Brasil-Venezuela
Em Londres, Lula se refere a Hugo Chávez como “parceiro de bons negócios” e se distancia das afinidades políticas. Atrito com Senado brasileiro sobre cassação de TV realça divergências crescentes
O presidente Luiz Inácio Lula da Silva procurou ontem enterrar a troca de acusações iniciada na semana passada entre o governo de Hugo Chávez e o Congresso brasileiro. Em Londres, em entrevista ao programa de TV Hard talk, da BBC, ele ressaltou que o mandatário venezuelano “é um parceiro do Brasil” e “não representa perigo para a América Latina”. Apesar da postura conciliatória, Lula deixou claro que a relação com a Venezuela avança na senda do pragmatismo econômico e se afasta do discurso ideológico que marcou o primeiro mandato. “Chávez tem sido um parceiro do Brasil”, disse Lula. “Nós temos grandes negócios na Venezuela, estamos fazendo refinarias conjuntas.”
Essa espécie de polarização política, que não significa necessariamente confrontação, fica cada dia mais evidente. E revela duas visões de mundo bastante distintas. Chávez e Lula não se entendem sobre temas centrais da integração sul-americana (leia quadro). O editorial de ontem do diário britânico The Guardian captou parte desse espírito, ao opinar que Chávez “vem animando muita gente de esquerda com sua dramaticidade, mas é o multilateralismo impulsionado por Lula que fará mais para mudar o mundo”.

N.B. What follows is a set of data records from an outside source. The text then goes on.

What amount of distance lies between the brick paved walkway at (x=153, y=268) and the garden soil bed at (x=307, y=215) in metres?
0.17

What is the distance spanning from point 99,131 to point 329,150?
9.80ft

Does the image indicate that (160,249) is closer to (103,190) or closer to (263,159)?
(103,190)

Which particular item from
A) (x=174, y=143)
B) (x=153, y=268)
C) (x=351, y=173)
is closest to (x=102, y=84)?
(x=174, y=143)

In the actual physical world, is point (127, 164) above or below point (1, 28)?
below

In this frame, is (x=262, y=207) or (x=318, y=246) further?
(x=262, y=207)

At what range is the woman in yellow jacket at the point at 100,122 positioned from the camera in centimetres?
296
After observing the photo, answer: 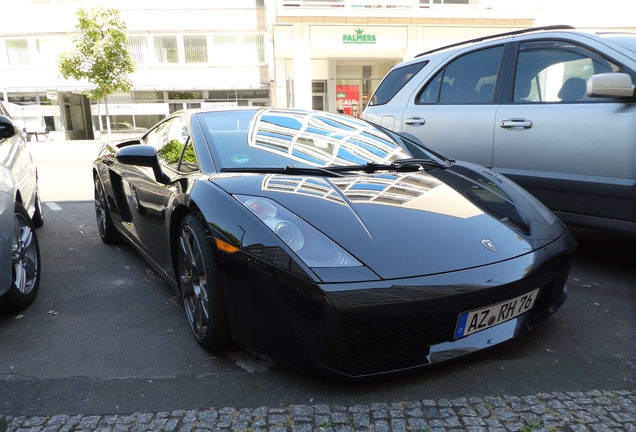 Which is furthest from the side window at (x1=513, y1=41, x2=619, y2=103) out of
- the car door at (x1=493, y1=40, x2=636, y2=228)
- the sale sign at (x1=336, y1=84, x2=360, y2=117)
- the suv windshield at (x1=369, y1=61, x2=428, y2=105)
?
the sale sign at (x1=336, y1=84, x2=360, y2=117)

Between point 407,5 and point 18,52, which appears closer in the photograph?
point 407,5

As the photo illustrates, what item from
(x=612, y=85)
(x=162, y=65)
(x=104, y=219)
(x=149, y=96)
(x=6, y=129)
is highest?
(x=162, y=65)

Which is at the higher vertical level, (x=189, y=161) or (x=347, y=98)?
(x=347, y=98)

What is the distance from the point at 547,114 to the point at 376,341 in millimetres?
2538

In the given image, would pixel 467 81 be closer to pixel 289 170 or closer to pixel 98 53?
pixel 289 170

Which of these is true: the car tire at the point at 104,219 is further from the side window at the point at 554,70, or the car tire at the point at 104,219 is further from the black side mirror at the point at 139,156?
the side window at the point at 554,70

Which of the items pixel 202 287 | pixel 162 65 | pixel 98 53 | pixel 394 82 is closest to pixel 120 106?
pixel 162 65

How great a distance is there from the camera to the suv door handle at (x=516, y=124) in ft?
11.9

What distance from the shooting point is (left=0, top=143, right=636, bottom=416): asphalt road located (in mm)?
2025

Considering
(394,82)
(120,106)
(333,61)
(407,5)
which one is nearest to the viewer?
(394,82)

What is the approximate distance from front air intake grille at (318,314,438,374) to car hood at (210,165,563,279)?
184mm

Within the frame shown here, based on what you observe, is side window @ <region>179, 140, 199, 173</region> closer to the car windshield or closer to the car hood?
the car windshield

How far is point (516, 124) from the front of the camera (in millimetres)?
3691

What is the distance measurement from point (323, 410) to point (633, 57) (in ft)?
10.1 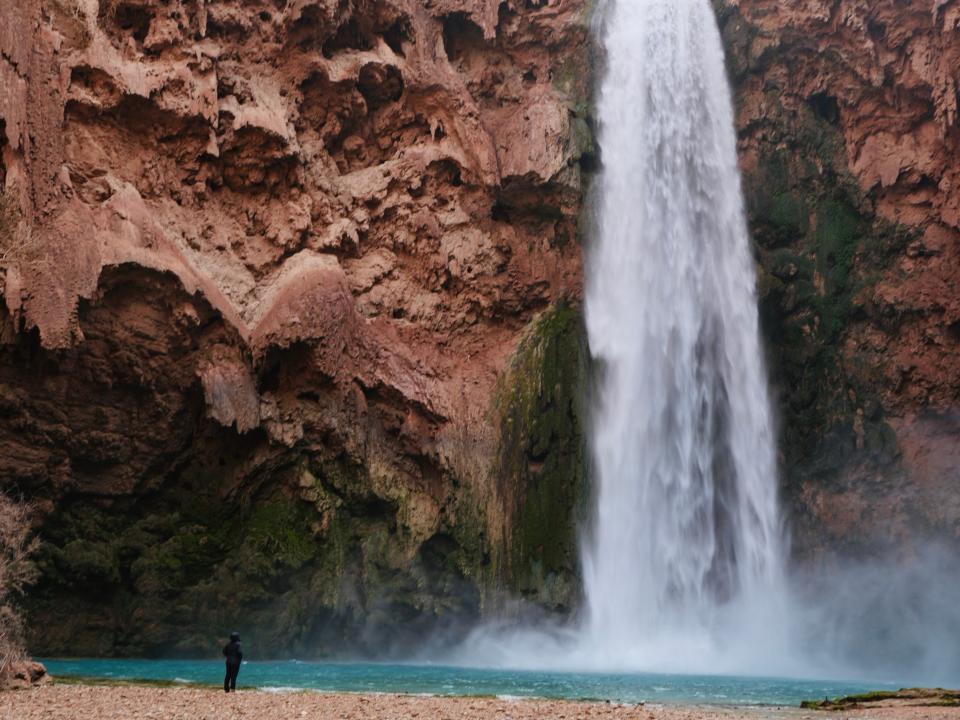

Intitulado “Duas visões de progresso”, o editorial traça semelhanças entre os dois: “São progressistas radicais reeleitos pelos pobres, em sociedades marcadas pelas terríveis diferenças de oportunidade”. Mas ressalta que “Lula se envolveu com o sistema político internacional, ao invés de desafiá-lo”. Nesse sentido, os Estados Unidos surgem como ponto de inflexão entre as diplomacias de Brasília e Caracas. Lula marcou essa diferença ao comentar à BBC que “Chávez tem suas razões para brigar com os Estados Unidos, e os Estados Unidos têm suas razões para brigar com a Venezuela”, mas “o Brasil não tem nenhuma razão para brigar com os Estados Unidos ou a Venezuela”.
Questionado se hoje na América do Sul havia dois modelos políticos e econômicos — um de Chávez e outro de Lula — disputando espaço e áreas de influência, o presidente afirmou que o importante é as nações sul-americanas terem crescimento econômico. “O sonho da América Latina é que todos cresçam economicamente, façam distribuição de renda e melhorem a vida do povo. É assim que pensa o presidente Kirchner, é assim que pensa o presidente Chávez, é assim que pensa o presidente Lula”, resumiu.
Descompasso
Mas, enquanto o ex-sindicalista pondera sobre liberdade de imprensa e soberania, o militar radicaliza e se diz alvo de seguidos planos de magnicídio, supostamente arquitetados por Washington, mas sobre os quais nunca apresentou provas. Ao desembarcar em Nova Délhi, na Índia, Lula expressou o desejo de que a polêmica entre Chávez e o Congresso brasileiro seja resolvida logo. Na semana passada, o presidente venezuelano chamou os parlamentares de “papagaios de Washington”, em resposta ao pedido formal aprovado pelo Senado para que Chávez renovasse a licença da emissora RCTV.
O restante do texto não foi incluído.